* Task to carry out *
Give again, word for word, the line holding "Zapatilla Skechers Casual" and every line after it through the end of the data below. Omit pictures.

* Information shown *
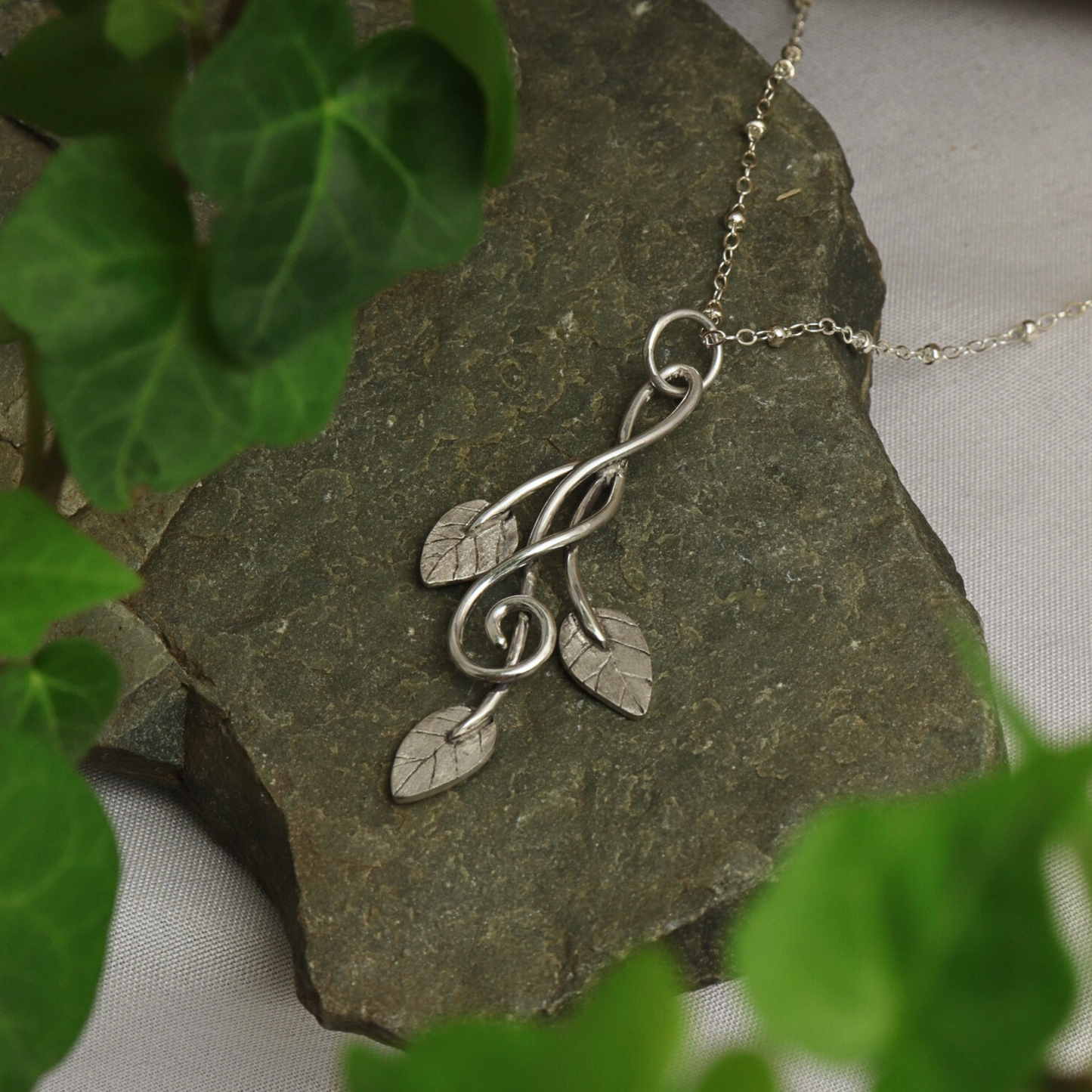 Elven Vines Pendant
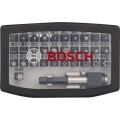 Bosch Vidalama Ucu Seti (32 Parça - Renk Kodlu - Hızlı Değiştirilebilir Mandrenli) - 2607017319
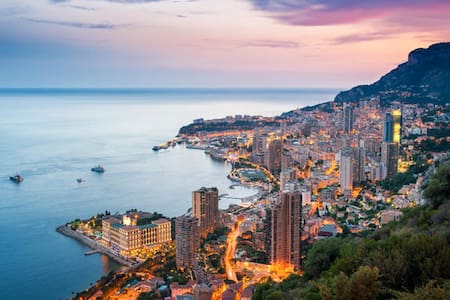 Affordable Studio IN Monaco - Perfect Location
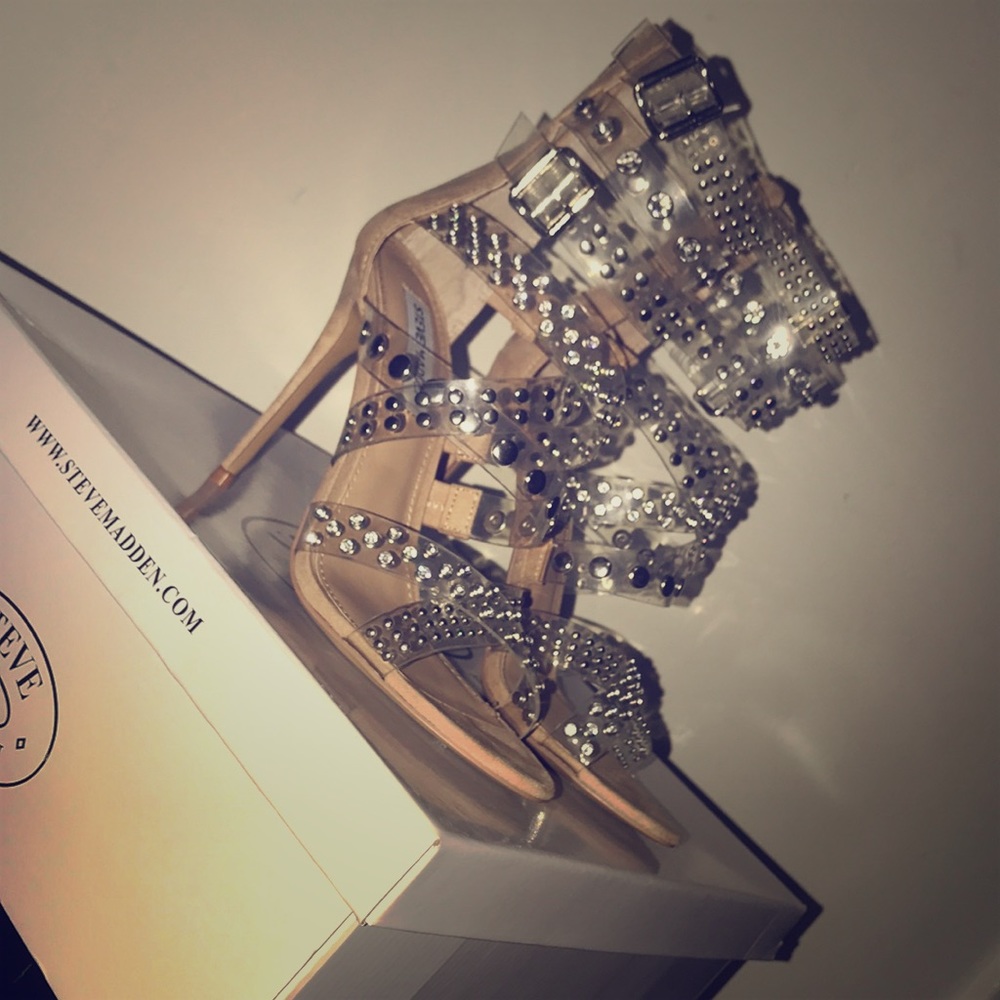 Brand new Strappy Sandals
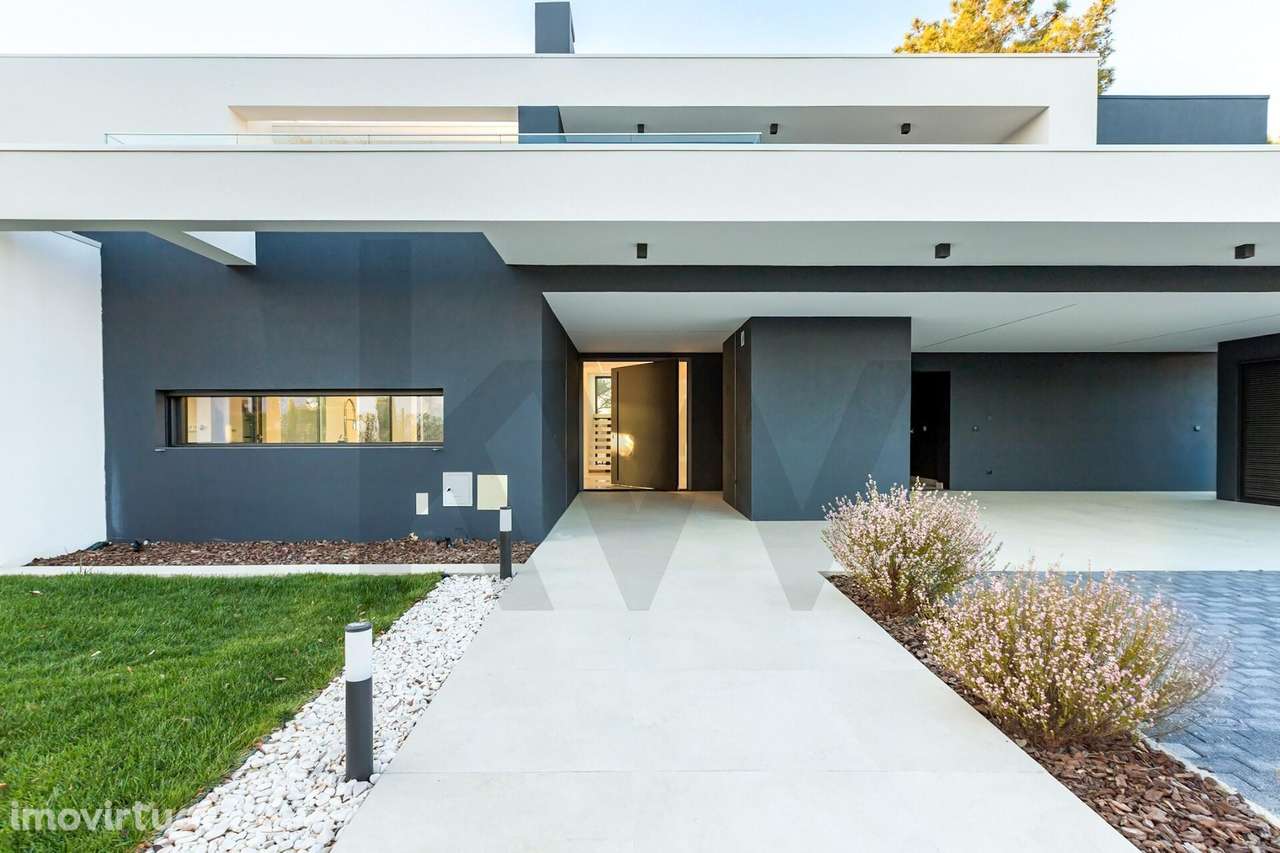 Uma nova vida na Quinta do Peru - Exclusividade, Segurança e Golf - Grande imagem: 3/36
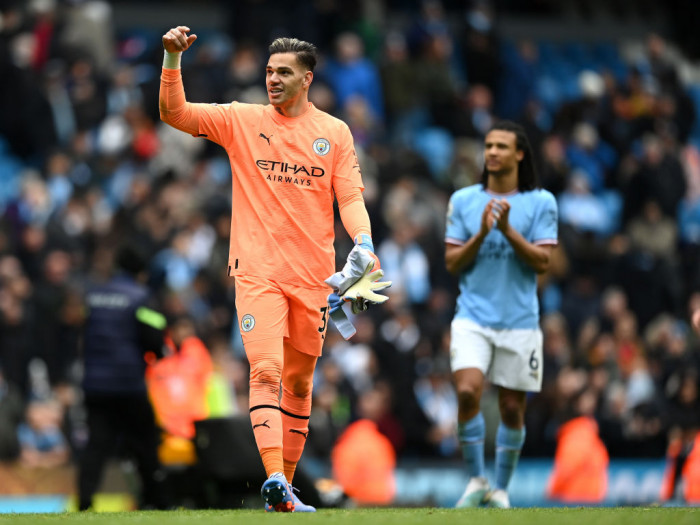 ไวสุดอันดับ3! ‘เอแดร์ซอน’ เก็บ 100 คลีนชีท EPL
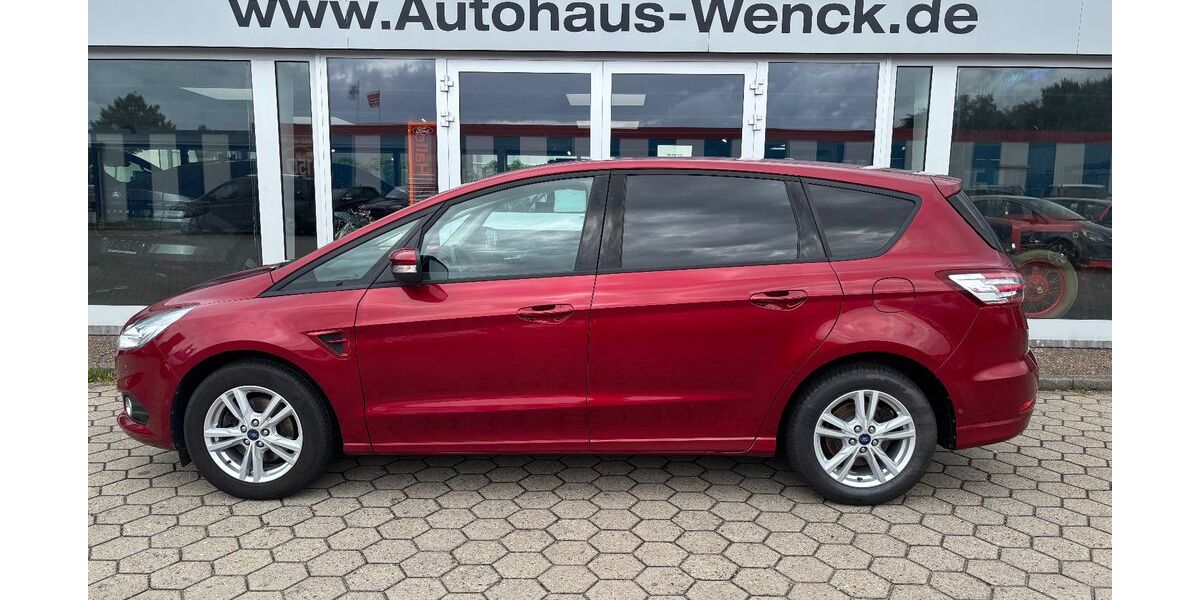Ford S-Max 123.113 km 8.970 &euro; Winsen (Luhe) 21423
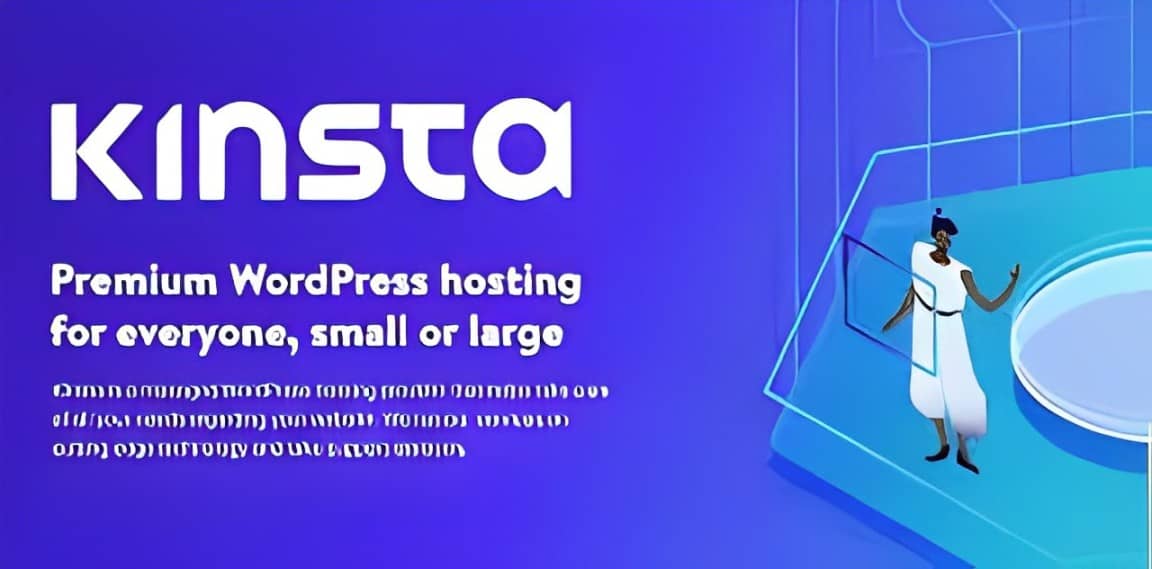 Kinsta’s Managed WordPress Hosting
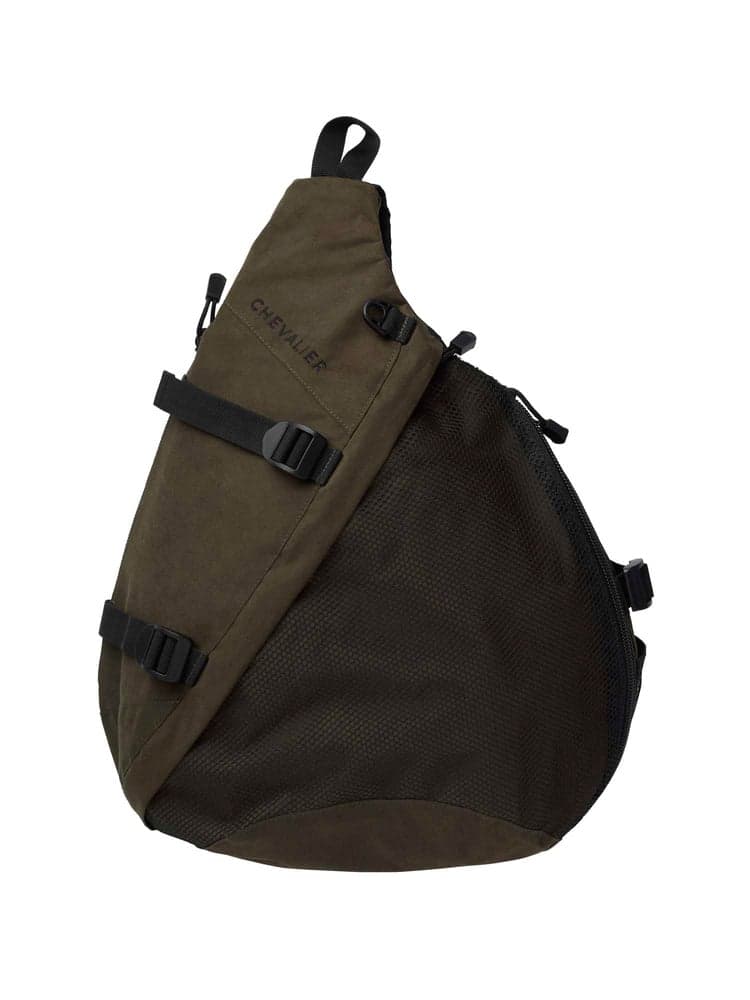Grouse Triangle Back Pack 17L Forest Green, view: 0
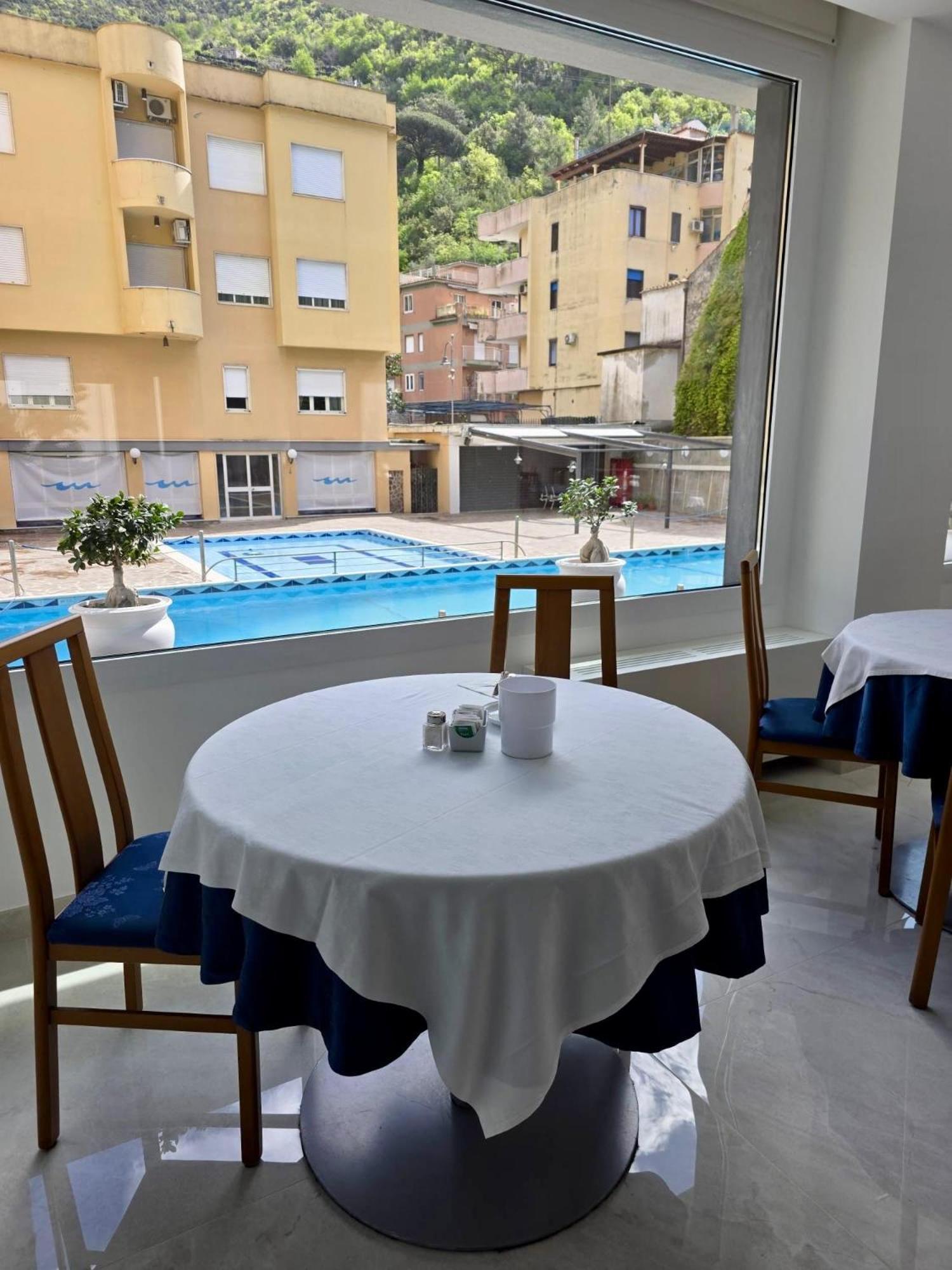 Hotel San Pietro Maiori Exterior foto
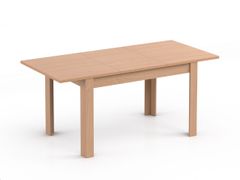 Rozkladací stôl buk REA TABLE 2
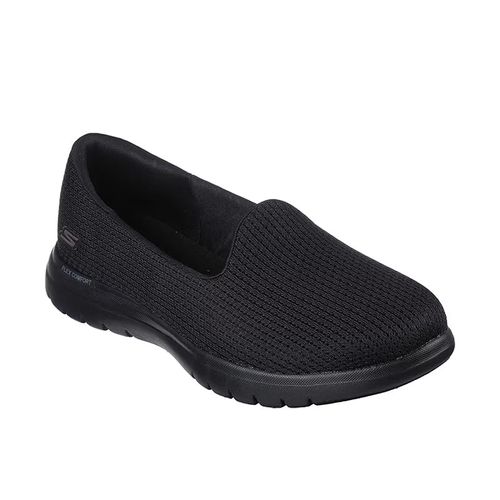 Zapatilla Skechers Casual Dama On The Go Flex Negro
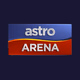 Astro Arena FM Logo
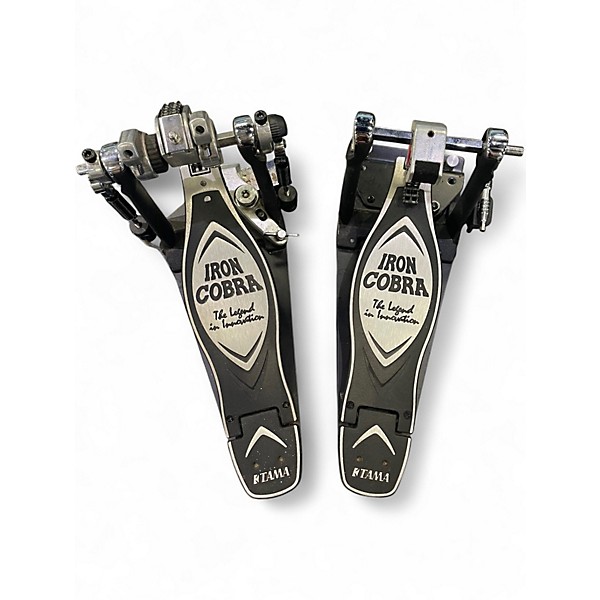 Used TAMA Iron Cobra P 900 Double Bass Drum Pedal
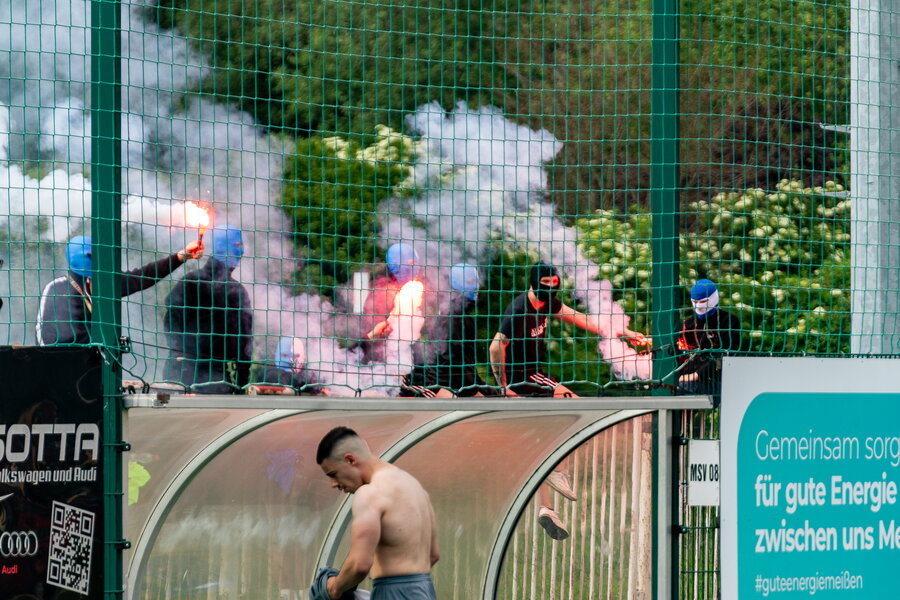 Meißner SV 08 II – SG Kreinitz – Bild 32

* Exercise response *
 Zapatilla Skechers Casual Dama On The Go Flex Negro
 Astro Arena FM Logo
 Used TAMA Iron Cobra P 900 Double Bass Drum Pedal
 Meißner SV 08 II – SG Kreinitz – Bild 32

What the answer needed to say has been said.